_Task to carry out:_ Please output only the lines running from the one that contains "BMW 5 Series 2023, арт. KR-3611986 — фото 1" through the last line of the data below, exactly as they stand, with no pictures.

[Short web captions]

──────────

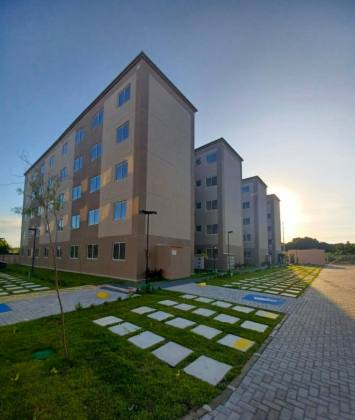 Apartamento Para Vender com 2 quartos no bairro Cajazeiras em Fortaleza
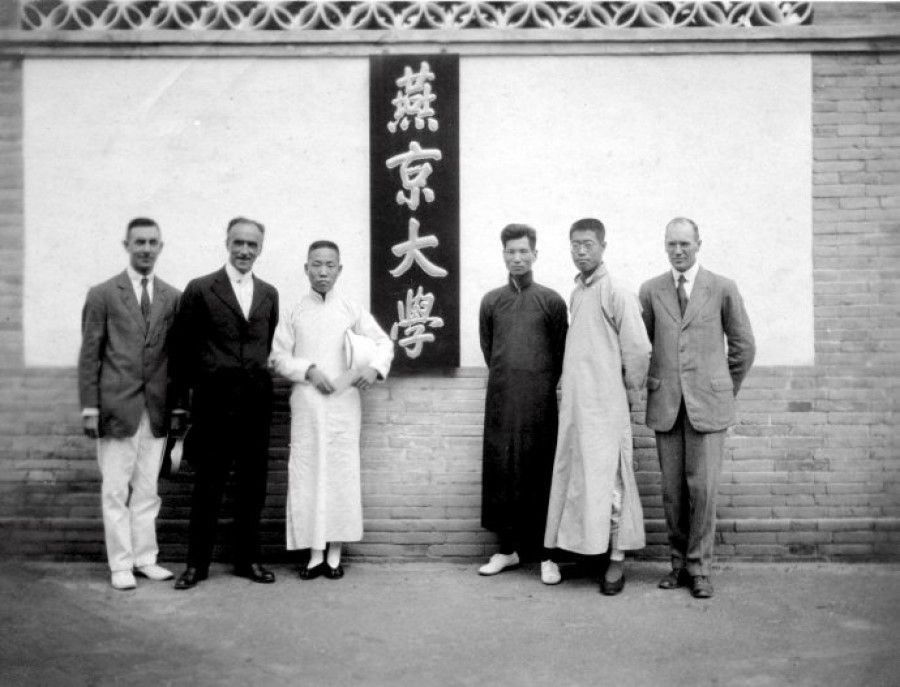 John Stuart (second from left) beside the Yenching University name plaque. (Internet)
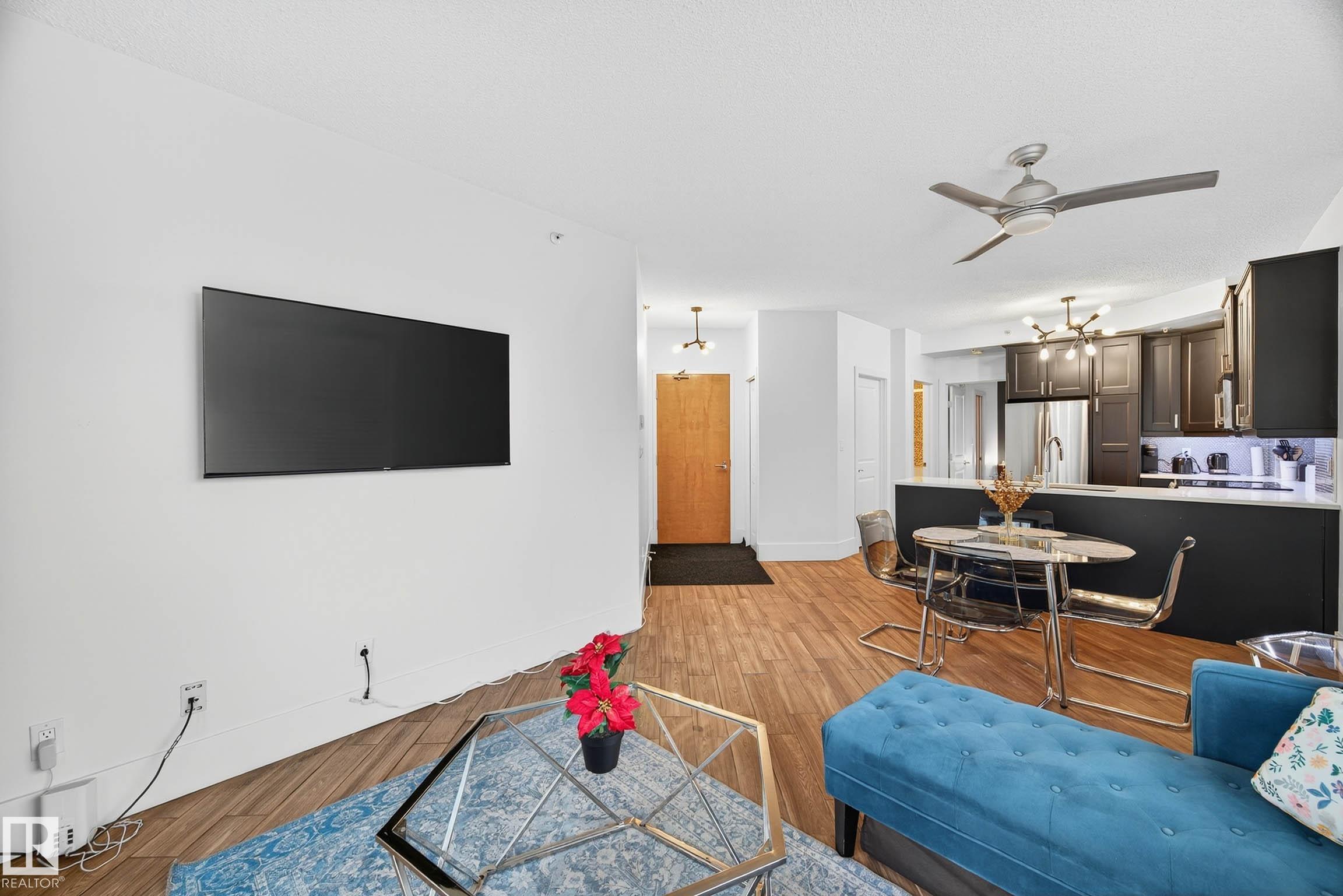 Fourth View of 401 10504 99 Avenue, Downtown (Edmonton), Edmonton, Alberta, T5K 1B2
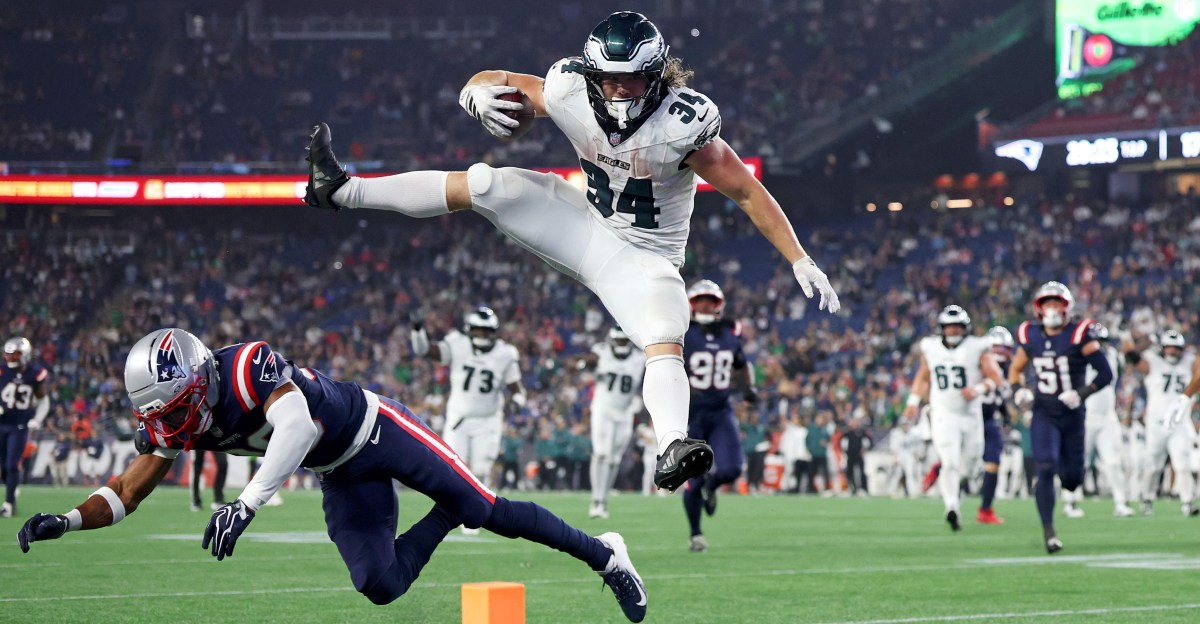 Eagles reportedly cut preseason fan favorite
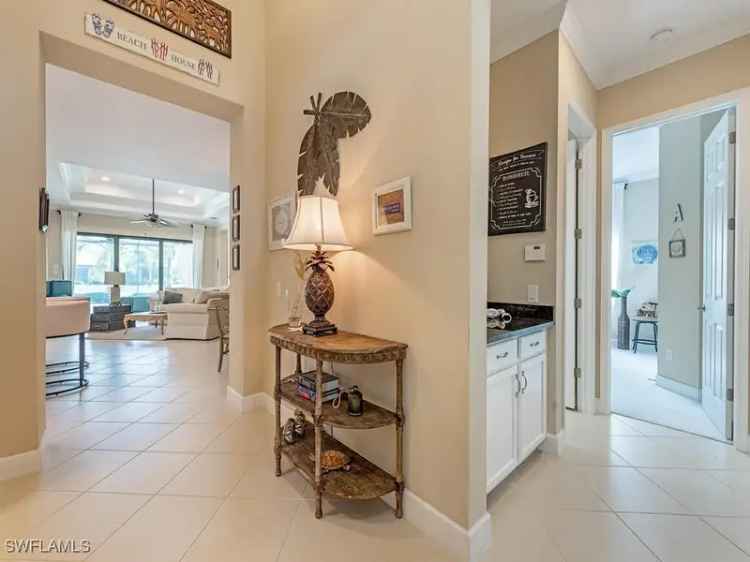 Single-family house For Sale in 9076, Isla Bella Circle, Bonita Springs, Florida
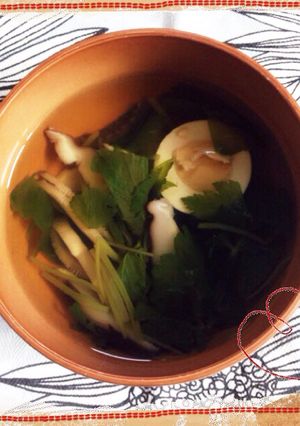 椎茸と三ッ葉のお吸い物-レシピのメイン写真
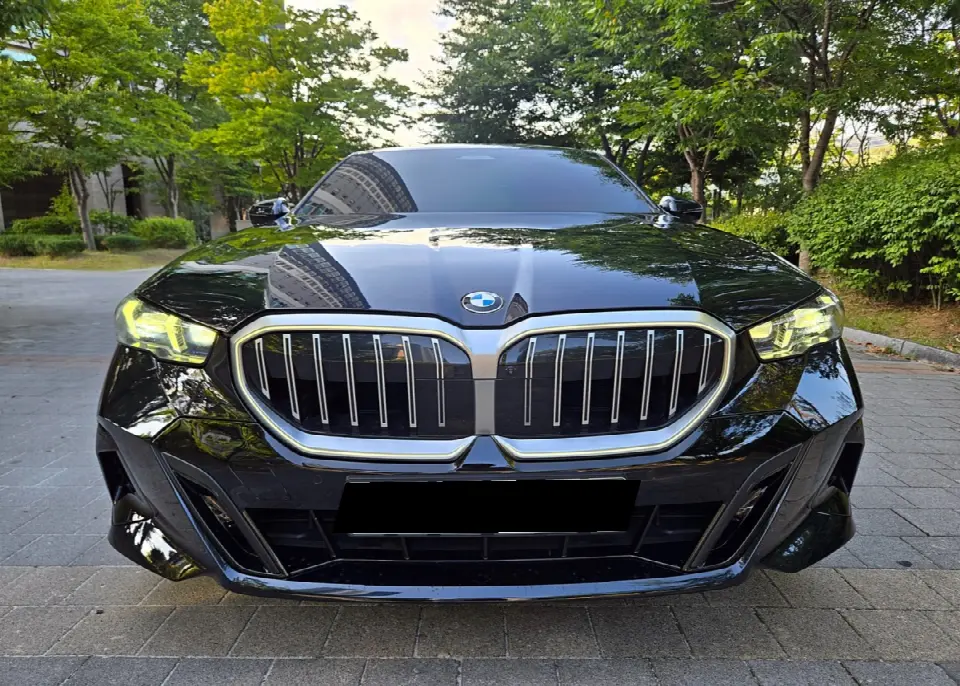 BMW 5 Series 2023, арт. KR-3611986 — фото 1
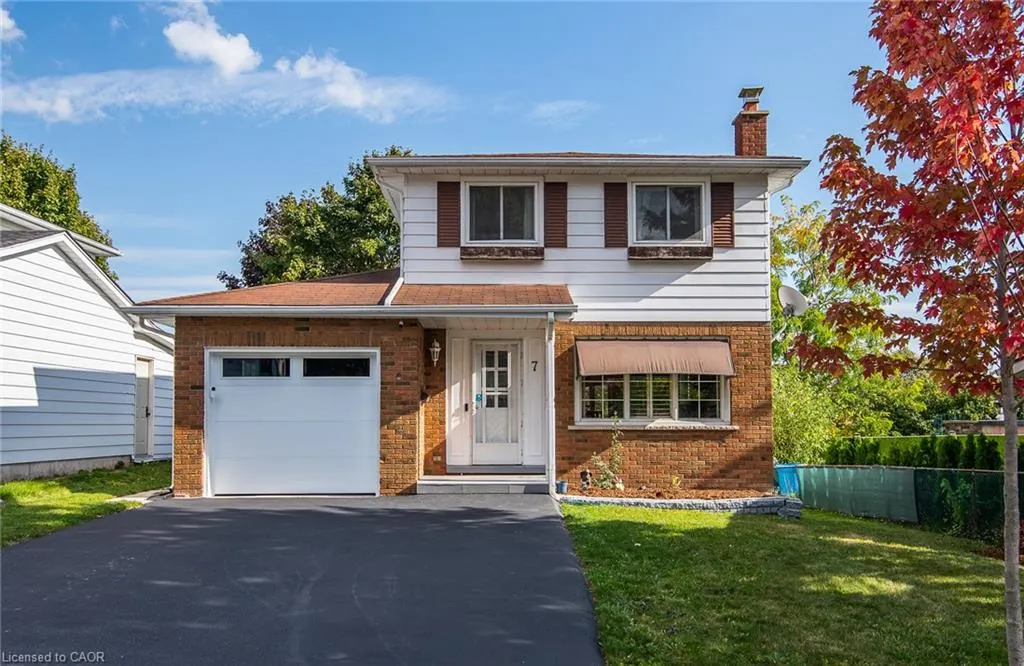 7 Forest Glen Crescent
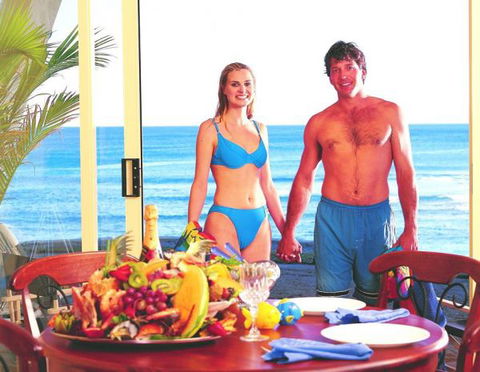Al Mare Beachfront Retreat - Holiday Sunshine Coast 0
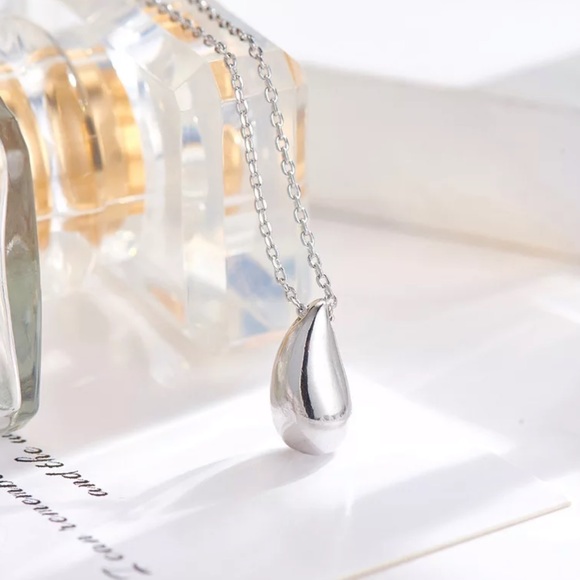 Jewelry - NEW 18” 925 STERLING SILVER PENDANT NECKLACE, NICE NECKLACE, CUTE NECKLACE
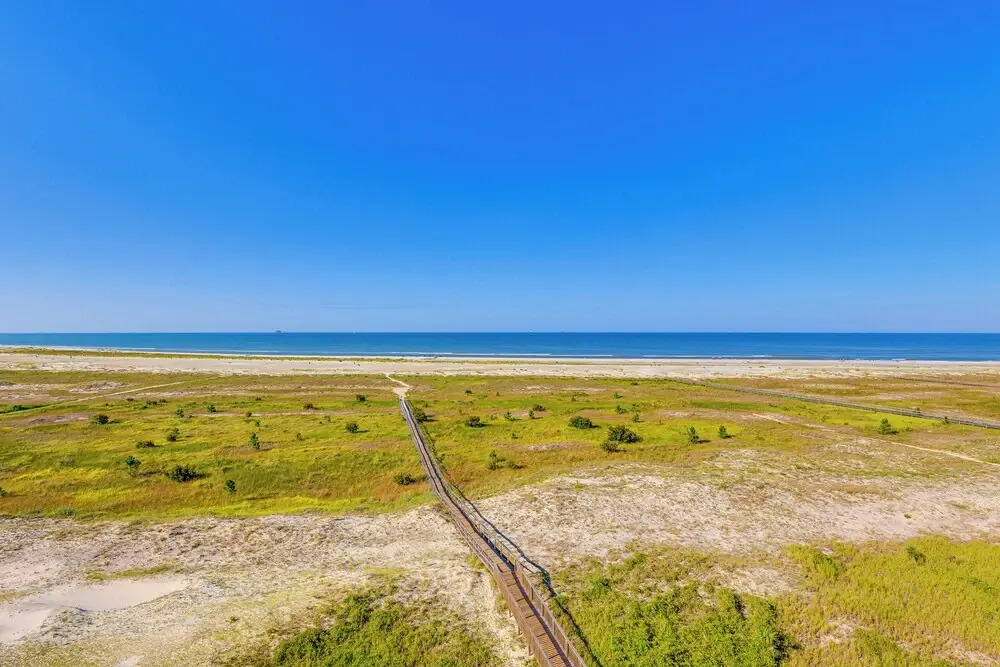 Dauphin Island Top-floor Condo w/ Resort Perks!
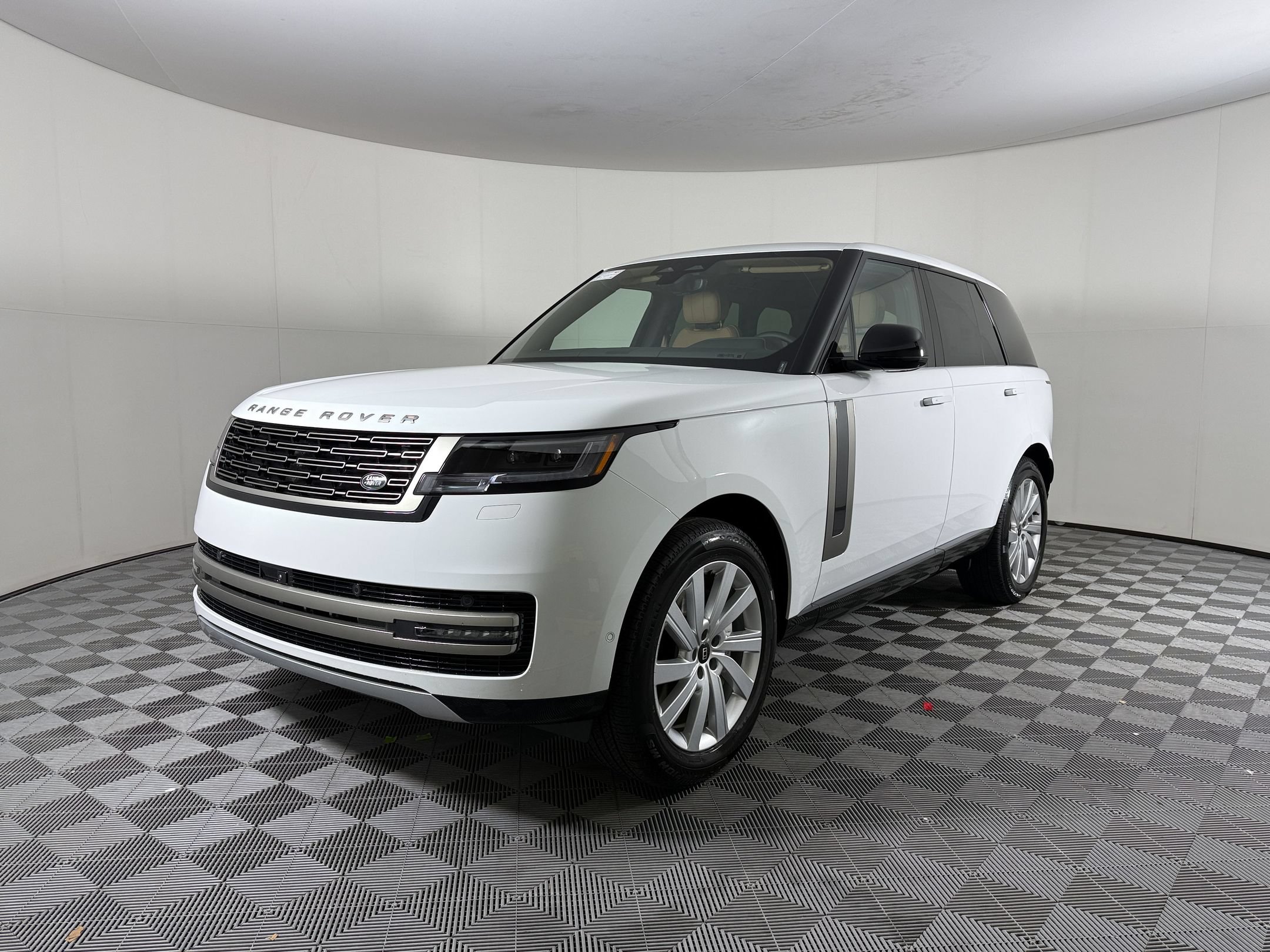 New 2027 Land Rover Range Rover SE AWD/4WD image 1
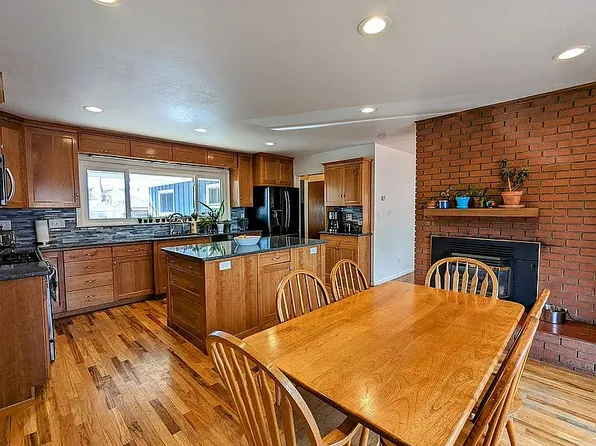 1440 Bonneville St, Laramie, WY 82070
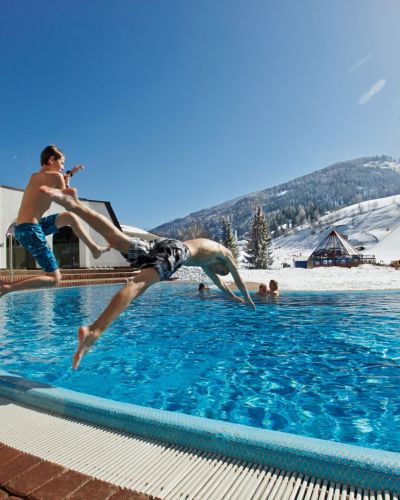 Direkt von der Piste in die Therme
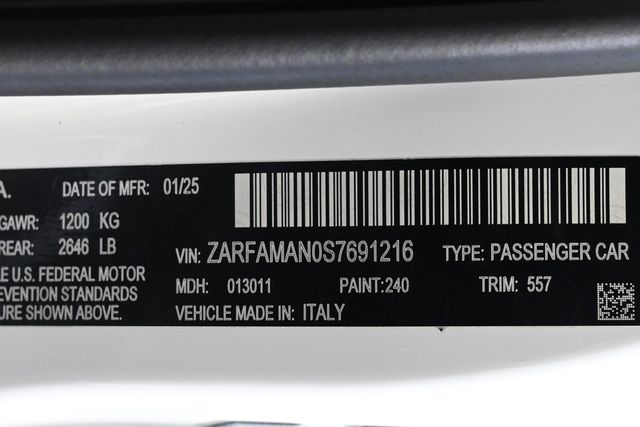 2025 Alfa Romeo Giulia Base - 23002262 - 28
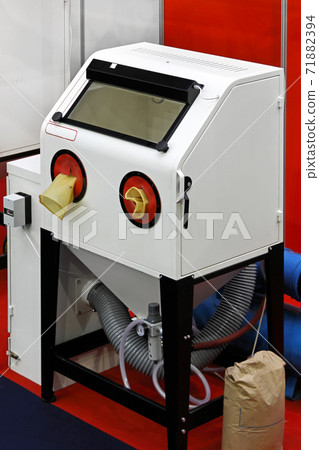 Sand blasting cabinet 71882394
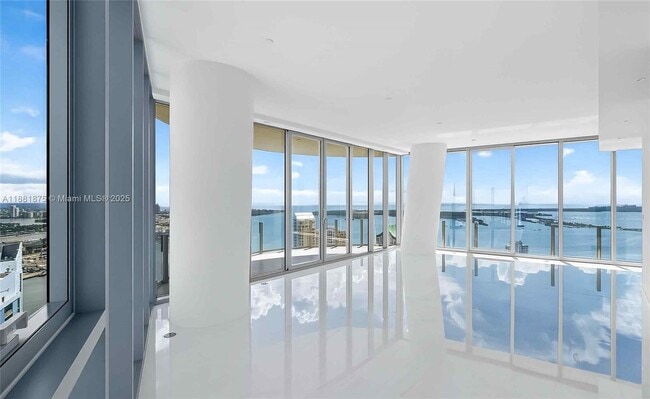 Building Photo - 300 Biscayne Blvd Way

──────────

_Written solution:_
 BMW 5 Series 2023, арт. KR-3611986 — фото 1
 7 Forest Glen Crescent
Al Mare Beachfront Retreat - Holiday Sunshine Coast 0
 Jewelry - NEW 18” 925 STERLING SILVER PENDANT NECKLACE, NICE NECKLACE, CUTE NECKLACE
 Dauphin Island Top-floor Condo w/ Resort Perks!
 New 2027 Land Rover Range Rover SE AWD/4WD image 1
 1440 Bonneville St, Laramie, WY 82070
 Direkt von der Piste in die Therme
 2025 Alfa Romeo Giulia Base - 23002262 - 28
 Sand blasting cabinet 71882394
 Building Photo - 300 Biscayne Blvd Way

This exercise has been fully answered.